If Hannah stayed longer, she would have witnessed a fight between Marnie and Booth, where Marnie realizes that Booth only wanted her for sex and to carry out personal assistant duties. Like many naive young women, she thought that Booth was her boyfriend. Booth gets Marnie to admit that she really only likes the idea of him, but doesn’t really like Booth himself for who he really is. Booth has a temper-tantrum, like a two-year old who wants his mommy, and breaks several bottles of expensive wine from his wine cellar. Marnie leaves crying, but her mood perks up when she receives a call from Hannah, who’s experiencing a serious case of first-time writer’s block.
The short telephone conversation concludes the episode, but it leaves the viewer with chills. Both women are desperate for the other one’s care and understanding, but they gloss over their predicaments and lie to one another. Hannah fibs that her writing is going extremely well, while Marnie tells Hannah how amazing the party was. Marnie has tears in her eyes and Hannah reflects the pain she feels in her soulful expression and balled up fist. It is at this point in the episode that Girls does a tremendous job of pinning down the intricacies of female friendships. What is important is what Hannah and Marnie are not saying to one another. There is an eerie uneasiness lurking just beneath their conversation, like an invisible mysterious power threatening to incinerate their friendship. Both girls can feel it, but they can’t reach out and stop it from seeping into their relationship. Friendships among women are often similar to male-female love relationships, in that they can often carry the same deep emotional connection despite being strictly platonic. Many friendships are simply elements of location and time, and friends often grow up and apart. Most women can probably remember the exact point at which they felt the divide between themselves and their best friend begin. It’s an ugly feeling when a chasm develops and when one realizes that a person they’ve had a deep connection with may be drifting away from them. It’s like watching someone float away on a raft and you have no ability to throw them a life saver. You know it’s happening, but there’s no simple fix.

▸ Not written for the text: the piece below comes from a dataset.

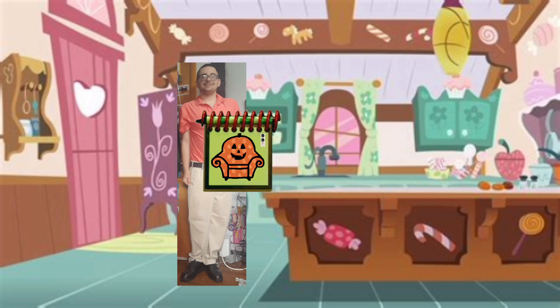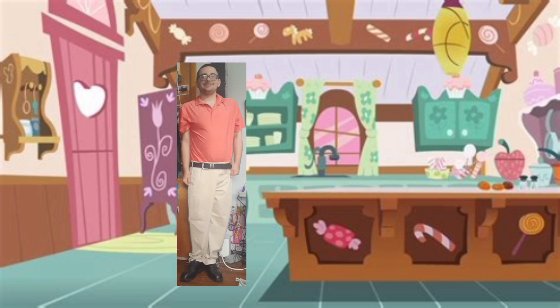Hey, we have all three clues! You know what that means — we're ready to sit in our thinking chair. Thinking chair, come on!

Any writer will tell you that it’s quite a feat to write from the point of view of the opposite sex. So it’s not surprising that this sixth episode of Girls was co-written by male writer, Murray Miller. He and Lena Dunham, both do an excellent job at exploring male to male bonding and female to female drifting. Actor Alex Karpovsky, who plays Ray Ploshansky, also shines in this episode and we get to see him stretch from delivering one-liners to Hannah to almost carrying an entire episode. I enjoyed seeing him peel off a few layers of sarcasm and show us his deeper side. Although, he delivers the funniest line of the episode when he quips, “Whenever somebody says they want to be a writer, they really don’t want to do anything. Except, you know, eat and masturbate.”